いまや「リンガ・フランカ」たる英語と、自分の母語である日本語を同列には論じられませんが、私は外国へ旅行してその土地のレストランに入って、日本語で応対されたら著しくがっかりしますねえ。観光地などでも片言の日本語で「ヤスイヨ、ヤスイヨ」などと話しかけられることがありますけど、あれほど憤ろしいものはありません。なんでお金を費やしてわざわざ日本から遠く離れた場所までやってきて、奇妙な日本語を聞かされなきゃならんのかと。
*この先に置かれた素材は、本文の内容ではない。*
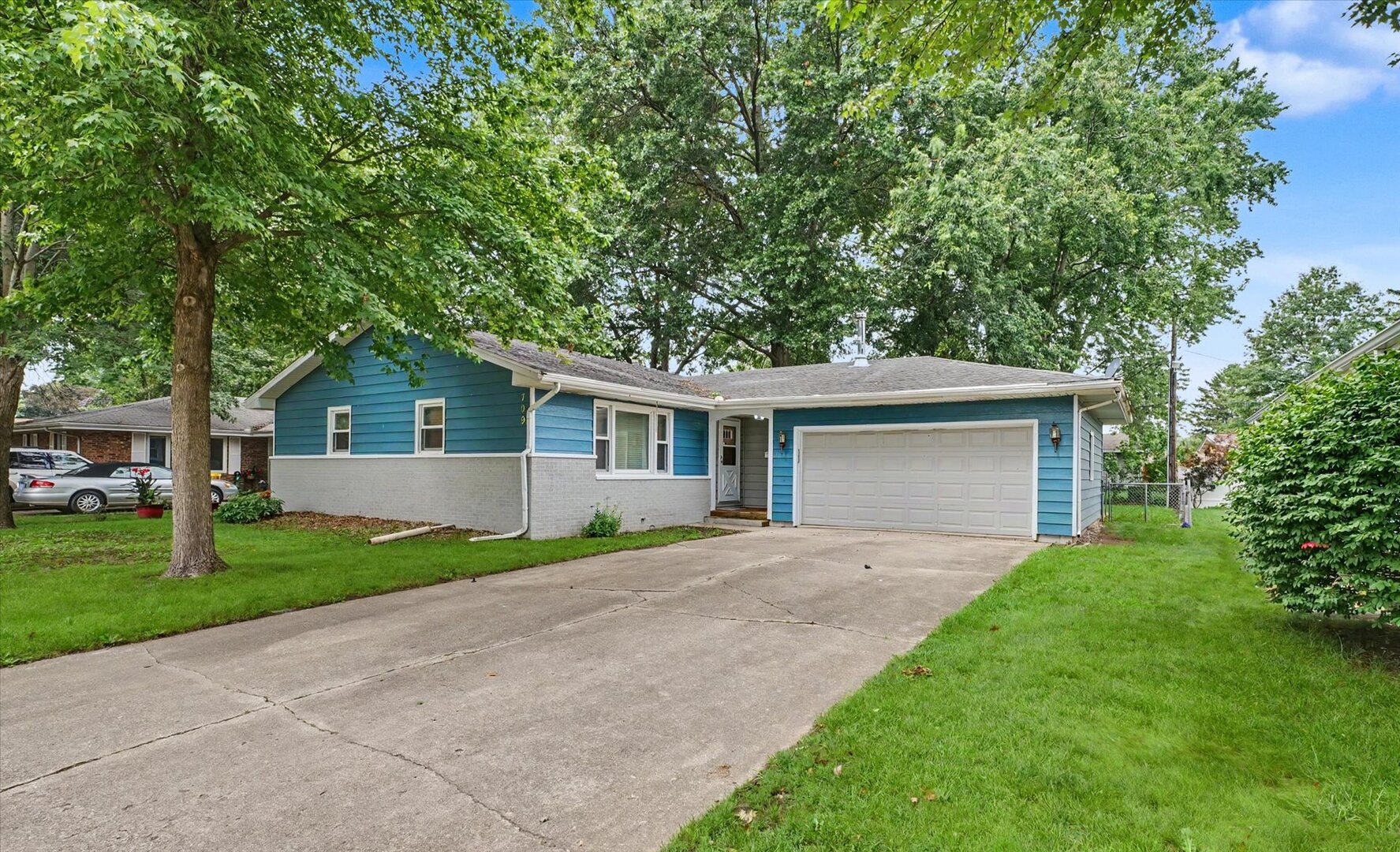 709 Mikel Drive Rantoul, IL 61866 - Photo 2 of 34 Gallery Image 2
ま、観光地ってのはそういう場所ですから行かなきゃいいんですけど(実際、私は観光名所にはできるだけ行かないようにしています)。

以前にも書いたことがありますが、こういった「おもてなし」の発想は、いまから半世紀以上前の1964年、前回の東京オリンピックが開催された時に展開され、その後も続けられてきた「グッドウィル・ガイド(善意通訳普及運動)」と同根のものです。そのボランティア精神やよし。もちろん参加されている方の誠意や熱意を疑うものでもありません。でも私は、なぜここで逆に海外の方に日本語を話してもらおう、学んでもらおうという発想にならないのかな、と思うのです。

これは言語学者鈴木孝夫氏らが主張されてきたことですけど、日本に行ったら簡単な日本語くらい話せないとね、とか、日本のお寿司屋さんで日本語で注文してみたいな、とか、そういうふうに思ってもらえる方向にヒト・モノ・カネのリソースを割けないものでしょうか。あと「ガイジンさん=英語」という思い込みも、よく考えてみれば少々雑駁にすぎるのではないかと。
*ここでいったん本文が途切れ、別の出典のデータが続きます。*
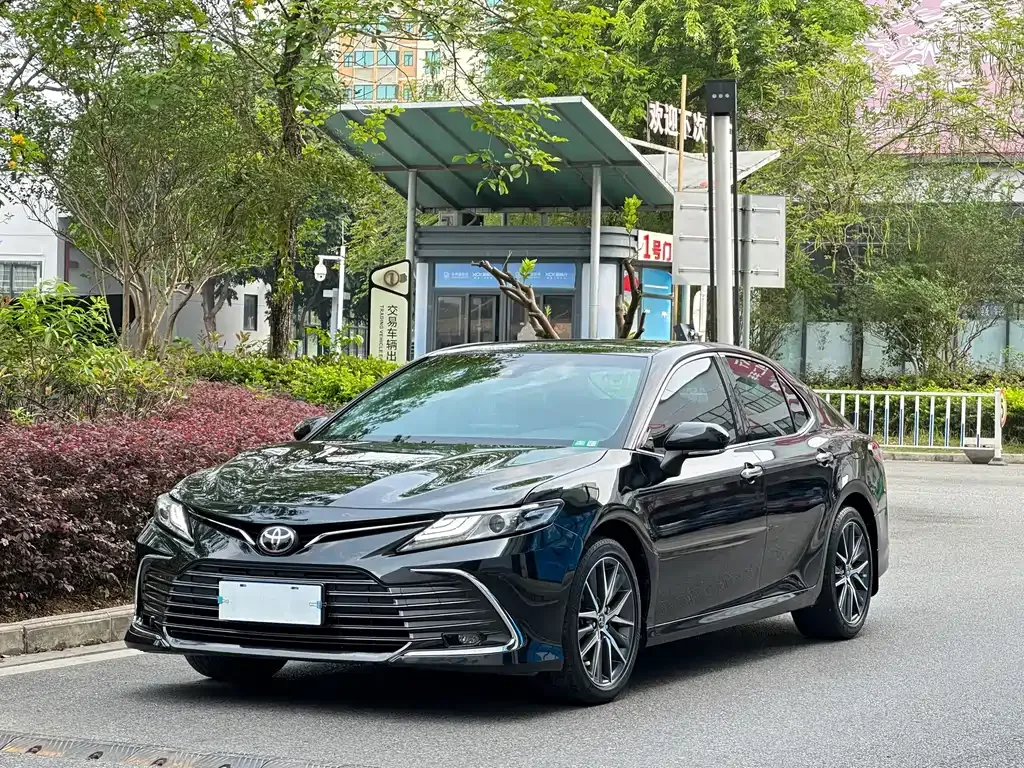 Toyota Camry — фото 1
私だって、例えばヨーロッパに行けば結局英語でのコミュニケーションに頼らざるを得ないんですから、あまり御大層なことは言えません。それでも、英語がほぼ通じない田舎の食堂などで、現地の言葉を急ごしらえで覚えて注文して、それが通じた時の感動は深く胸に刻まれています。全国民こぞってオリパラのために英語を学ぼう! もいいですけど、どうせならそこからもう一歩進んで、日本語を覚えてもらおう!そのために英語を媒介として使う……というような、日本語愛に満ちた運動こそ広がってほしいなと「みずほ銀行」のCMを見て思いました。

なにせ日本語は、話者の数が世界でも十本の指に入る「巨大言語」なんですから、もっと自信を持っていいんじゃないかと。もっともその話者のほとんどがこの島国にギュッと凝縮されているというのがまた面白くも悩ましいところではあるのですが。